Wilbur O. and Ann Powers College of Business

Clemson research links Affordable Care Act to drop in crime


CLEMSON, S.C. – Might there be a link between health care and crime in the U.S.?

Research by Clemson University economists in the College of Business would indicate so.

Barkowski mugshot
Scott Barkowski

Scott Barkowski, assistant professor in the John E. Walker Department of Economics, and Qiwei He, a former Clemson economics Ph.D. student, examined crime rates before and after the Affordable Care Act (ACA) expanded Medicaid coverage. They found crime rates dropped in states that adopted the Medicaid expansion compared to those states that did not. And, the researchers put a dollar value on those reductions in crime.

“I can imagine most people don’t associate health care coverage with crime, but this study provides evidence that they are related,” Barkowski said.

The Affordable Care Act expanded Medicaid eligibility to cover more Americans, extending to individuals with incomes up to 138 percent of the federal poverty level. By 2017, there were 32 states that adopted the Medicaid expansion under ACA.

Qiwei He mugshot
Qiwei He

The two economists’ study, “The effect of health insurance on crime: Evidence from the Affordable Care Act Medicaid expansion,” has been published in the journal, Health Economics.

The researchers examined FBI data on property and violent crimes from around the country between 2010-16. The data represented crimes affecting approximately 98 percent of the U.S. population.

“We found that crime fell in virtually every category in those states that expanded Medicaid coverage. Burglary declined by 3.8 percent, vehicle theft by 10 percent, homicide by 8 percent, robbery by 6 percent and assault by 3 percent,” Barkowski said.

Barkowski said there are theoretical ways that health insurance could affect crime. One of the most straightforward is substance abuse.

“Substance abusers might commit crimes for money to purchase drugs, or for other reasons related to their use. But if they’re getting treatment for the substance abuse, they might be less likely to commit that crime,” Barkowski said. “Crime can also be driven by desperation. If a person has medical bills or is struggling financially, they might be more prone to criminal behavior.”
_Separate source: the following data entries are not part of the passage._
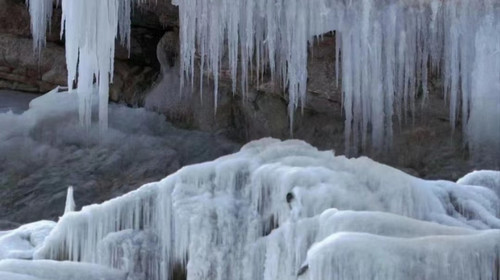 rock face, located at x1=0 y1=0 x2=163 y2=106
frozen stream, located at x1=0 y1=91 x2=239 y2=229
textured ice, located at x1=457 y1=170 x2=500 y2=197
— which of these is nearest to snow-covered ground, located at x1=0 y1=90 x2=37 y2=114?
rock face, located at x1=0 y1=0 x2=163 y2=106

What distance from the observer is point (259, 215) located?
6656 mm

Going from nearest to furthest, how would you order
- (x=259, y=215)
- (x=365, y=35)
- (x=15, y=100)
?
1. (x=259, y=215)
2. (x=365, y=35)
3. (x=15, y=100)

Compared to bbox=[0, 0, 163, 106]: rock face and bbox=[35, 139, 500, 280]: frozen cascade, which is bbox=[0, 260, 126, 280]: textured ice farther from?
bbox=[0, 0, 163, 106]: rock face

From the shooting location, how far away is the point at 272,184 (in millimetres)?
6660

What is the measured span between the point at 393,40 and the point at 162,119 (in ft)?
14.2

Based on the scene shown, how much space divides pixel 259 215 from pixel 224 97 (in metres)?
5.82

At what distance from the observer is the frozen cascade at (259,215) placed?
6121mm

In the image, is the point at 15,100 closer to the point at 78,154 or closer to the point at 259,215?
the point at 78,154

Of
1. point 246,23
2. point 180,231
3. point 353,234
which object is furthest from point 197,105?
point 353,234

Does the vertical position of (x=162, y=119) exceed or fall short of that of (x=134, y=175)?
it exceeds it

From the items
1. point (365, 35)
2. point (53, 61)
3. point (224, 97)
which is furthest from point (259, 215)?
point (53, 61)

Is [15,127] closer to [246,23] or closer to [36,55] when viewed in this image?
[36,55]

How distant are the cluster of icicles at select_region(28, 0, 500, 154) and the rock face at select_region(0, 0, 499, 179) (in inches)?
35.8

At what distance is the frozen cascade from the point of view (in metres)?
6.12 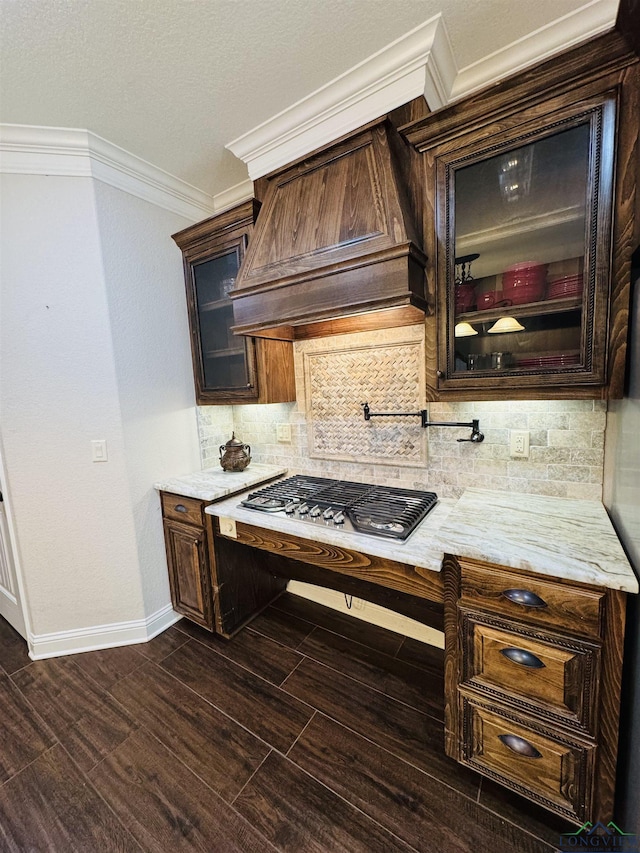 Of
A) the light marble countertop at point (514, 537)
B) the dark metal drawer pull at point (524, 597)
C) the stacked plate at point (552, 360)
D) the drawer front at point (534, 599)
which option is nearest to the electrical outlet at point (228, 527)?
the light marble countertop at point (514, 537)

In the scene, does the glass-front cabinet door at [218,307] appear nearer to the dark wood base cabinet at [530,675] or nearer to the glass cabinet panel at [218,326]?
the glass cabinet panel at [218,326]

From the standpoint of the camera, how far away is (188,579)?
82.2 inches

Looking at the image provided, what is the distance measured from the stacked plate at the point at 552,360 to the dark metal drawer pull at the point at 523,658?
97 cm

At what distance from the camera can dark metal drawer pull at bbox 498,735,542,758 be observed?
1.10 metres

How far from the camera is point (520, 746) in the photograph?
1.11m

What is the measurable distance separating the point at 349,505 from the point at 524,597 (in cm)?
78

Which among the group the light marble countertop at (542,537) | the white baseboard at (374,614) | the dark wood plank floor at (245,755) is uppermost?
the light marble countertop at (542,537)

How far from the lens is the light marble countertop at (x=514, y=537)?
991 mm

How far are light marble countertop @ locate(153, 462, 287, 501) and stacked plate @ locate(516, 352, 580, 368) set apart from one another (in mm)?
1553

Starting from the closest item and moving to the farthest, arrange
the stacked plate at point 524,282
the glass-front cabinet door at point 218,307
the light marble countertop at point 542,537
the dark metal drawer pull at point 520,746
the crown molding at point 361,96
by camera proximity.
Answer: the light marble countertop at point 542,537
the dark metal drawer pull at point 520,746
the stacked plate at point 524,282
the crown molding at point 361,96
the glass-front cabinet door at point 218,307

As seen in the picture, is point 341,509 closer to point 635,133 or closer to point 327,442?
point 327,442

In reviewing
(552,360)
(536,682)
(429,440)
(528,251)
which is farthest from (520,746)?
(528,251)

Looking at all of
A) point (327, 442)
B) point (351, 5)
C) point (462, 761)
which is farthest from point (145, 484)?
point (351, 5)

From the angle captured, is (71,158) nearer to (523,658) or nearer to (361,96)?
(361,96) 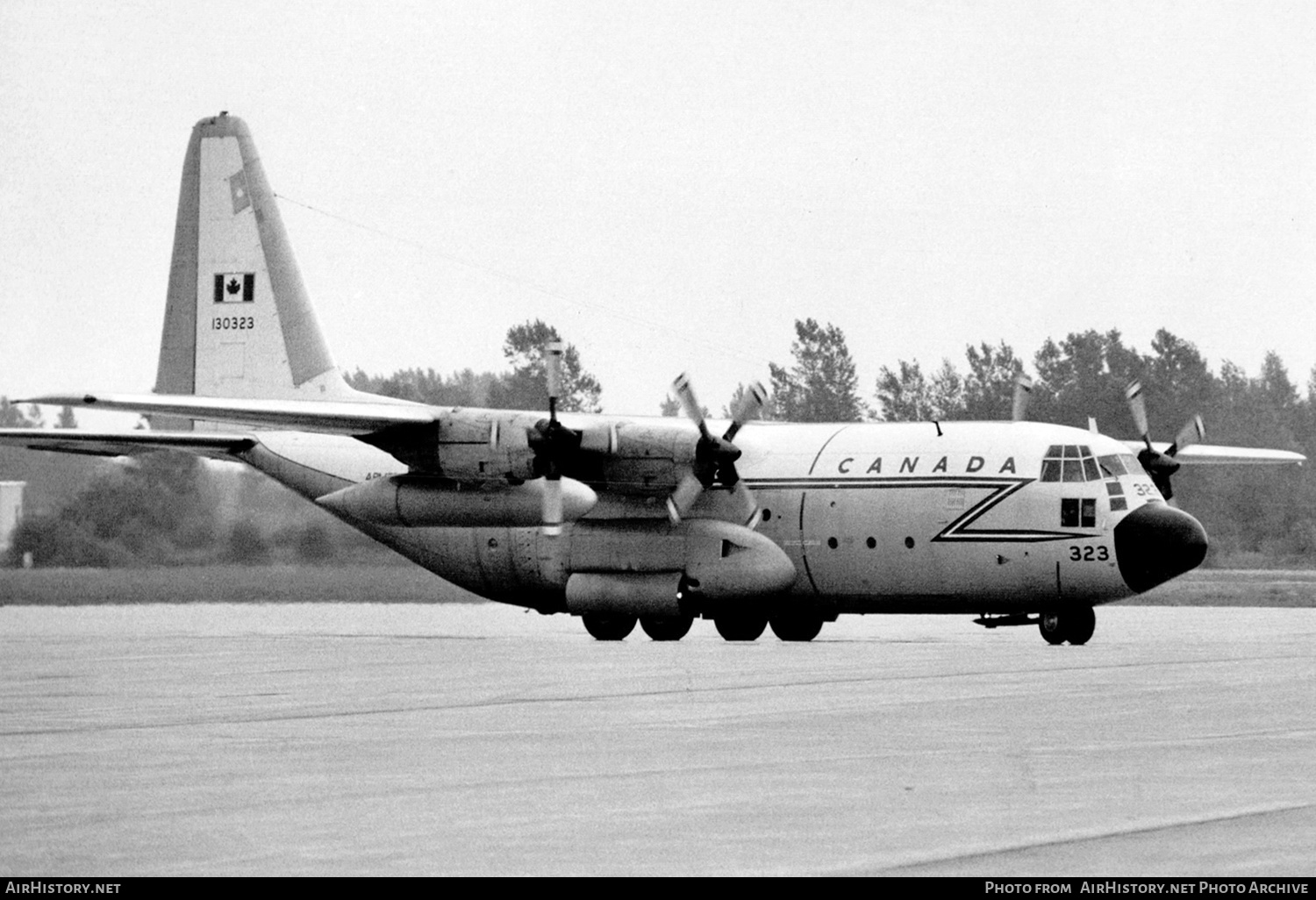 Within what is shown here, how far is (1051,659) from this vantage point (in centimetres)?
2392

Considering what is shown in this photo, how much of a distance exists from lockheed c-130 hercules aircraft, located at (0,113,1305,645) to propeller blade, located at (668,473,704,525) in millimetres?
43

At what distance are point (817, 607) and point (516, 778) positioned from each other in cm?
1889

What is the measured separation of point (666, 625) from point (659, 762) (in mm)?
17395

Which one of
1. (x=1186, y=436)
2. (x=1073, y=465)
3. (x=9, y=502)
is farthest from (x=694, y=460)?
(x=9, y=502)

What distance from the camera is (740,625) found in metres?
31.2

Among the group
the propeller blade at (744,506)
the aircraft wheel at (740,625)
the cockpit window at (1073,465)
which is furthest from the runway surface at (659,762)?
the aircraft wheel at (740,625)

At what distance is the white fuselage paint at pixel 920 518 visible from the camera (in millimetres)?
28031

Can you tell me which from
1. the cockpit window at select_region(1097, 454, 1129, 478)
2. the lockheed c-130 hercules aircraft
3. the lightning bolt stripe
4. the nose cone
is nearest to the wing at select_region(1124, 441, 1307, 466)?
the lockheed c-130 hercules aircraft

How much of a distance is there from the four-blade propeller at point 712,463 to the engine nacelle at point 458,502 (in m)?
1.33

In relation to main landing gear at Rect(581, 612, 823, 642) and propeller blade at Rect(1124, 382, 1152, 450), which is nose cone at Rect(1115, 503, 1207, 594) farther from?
main landing gear at Rect(581, 612, 823, 642)

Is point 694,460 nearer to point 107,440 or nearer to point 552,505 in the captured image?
point 552,505

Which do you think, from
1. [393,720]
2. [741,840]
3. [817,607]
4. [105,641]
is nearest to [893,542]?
[817,607]

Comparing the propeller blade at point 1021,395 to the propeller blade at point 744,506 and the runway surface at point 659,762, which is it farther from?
the runway surface at point 659,762

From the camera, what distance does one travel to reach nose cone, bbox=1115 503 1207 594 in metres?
27.2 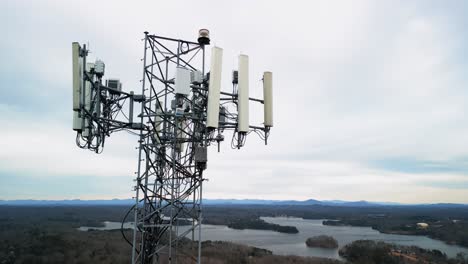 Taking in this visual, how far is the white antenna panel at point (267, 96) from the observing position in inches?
409

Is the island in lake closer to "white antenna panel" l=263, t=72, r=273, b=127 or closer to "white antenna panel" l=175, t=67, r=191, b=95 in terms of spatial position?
"white antenna panel" l=263, t=72, r=273, b=127

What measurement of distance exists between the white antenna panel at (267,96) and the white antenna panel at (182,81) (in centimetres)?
259

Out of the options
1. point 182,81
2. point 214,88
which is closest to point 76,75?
point 182,81

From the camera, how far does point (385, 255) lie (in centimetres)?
4016

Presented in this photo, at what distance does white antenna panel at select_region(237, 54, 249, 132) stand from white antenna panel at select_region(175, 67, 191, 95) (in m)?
1.44

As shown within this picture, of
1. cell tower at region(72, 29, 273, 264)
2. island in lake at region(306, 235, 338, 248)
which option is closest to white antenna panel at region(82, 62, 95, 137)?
cell tower at region(72, 29, 273, 264)

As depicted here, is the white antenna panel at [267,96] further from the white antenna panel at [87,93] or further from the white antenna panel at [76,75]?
the white antenna panel at [76,75]

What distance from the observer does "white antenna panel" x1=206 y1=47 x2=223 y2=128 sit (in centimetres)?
876

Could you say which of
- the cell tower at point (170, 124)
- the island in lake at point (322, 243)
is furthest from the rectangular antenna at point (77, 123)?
the island in lake at point (322, 243)

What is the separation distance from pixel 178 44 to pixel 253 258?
31.4 metres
He offered another, more subtle, example of how health insurance might dissuade a potential offender from committing crimes.

“Imagine a poor, young person getting health insurance from the government for free. If you value that insurance, it makes your life better. It offers you the option for better health,” Barkowski said. “So, why worsen your life by going to jail when your life on the outside has been improved?”

Barkowski and He estimated the reduction in crime resulted in more than $10 billion in societal savings for the expansion-adopting states.

“It cost the federal government $74 billion to expand Medicaid in 2017. The government clearly didn’t expand Medicaid to reduce crime, but there is a positive spillover effect in those expansion states, so it does somewhat reduce the net Medicaid expansion costs.”

Though the researchers stand neutral on whether the ACA should be preserved, they said their research findings suggest health care accessibility may have broader societal implications.

“There may be some natural skepticism around the notion of health insurance affecting crime, but if it is shown to reduce murder, burglary and theft rates, these are real benefits to society,” Barkowski said. “We’re not taking a stand on ACA either way, but if the Medicaid expansion were to be undone, the broader societal impacts should be taken into consideration.”